Hopping through cultures: the rabbit in art

Albrecht Dürer, Hare (A Young Hare), 1502, Graphische Sammlung Albertina. Image and original data: Erich Lessing Culture and Fine Arts Archives/ART RESOURCE, N.Y.

Albrecht Dürer, Hare (A Young Hare), 1502, Graphische Sammlung Albertina. Image and original data: Erich Lessing Culture and Fine Arts Archives/ART RESOURCE, N.Y.

Easter is around the corner, and with it comes the inevitable barrage of images of the Easter bunny. The strange thing is that the only mentions of rabbits in the Bible are prohibitions against eating them in the Old Testament. So what gives?

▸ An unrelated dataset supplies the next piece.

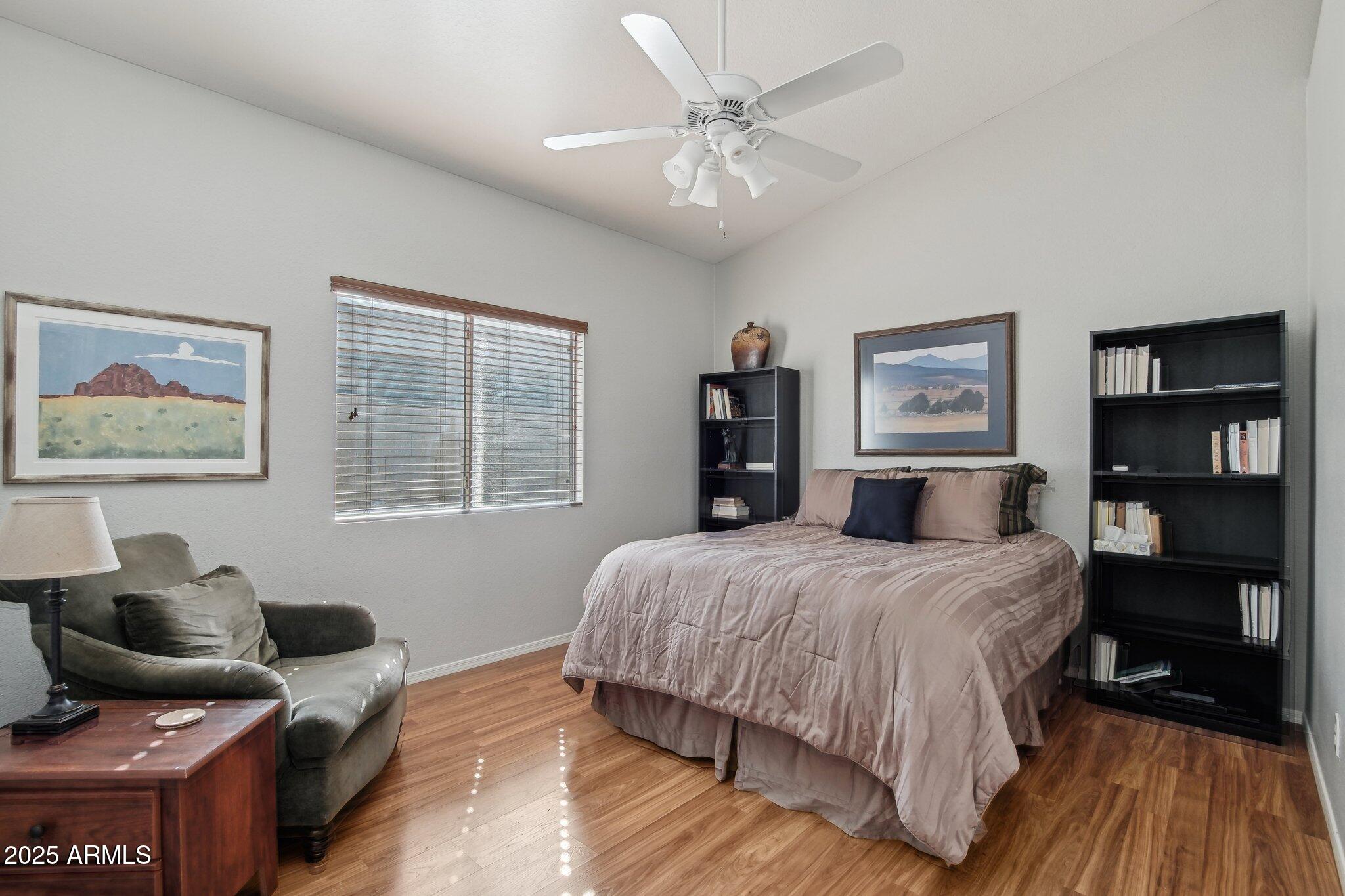 40265 N ACADIA Court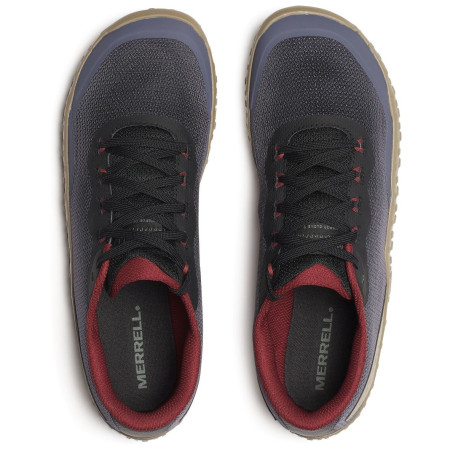 Scarpe da uomo Merrell Vapor Glove 7 M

The underlying idea is that rabbits are connected to the idea of rebirth—not only do they reproduce prodigiously, at one time they were believed to reproduce asexually. The connection of rabbits to rebirth also occurs in non-Christian societies: The Rabbit in the Moon (instead of our Man in the Moon) is a familiar symbol in Asia, and was part of Aztec legend, tying the idea of rabbits to a “rebirth” every night. But other qualities of rabbits and hares also get highlighted in folklore, including their mischievous side, playing the role of cunning tricksters in Native American and Central African mythologies.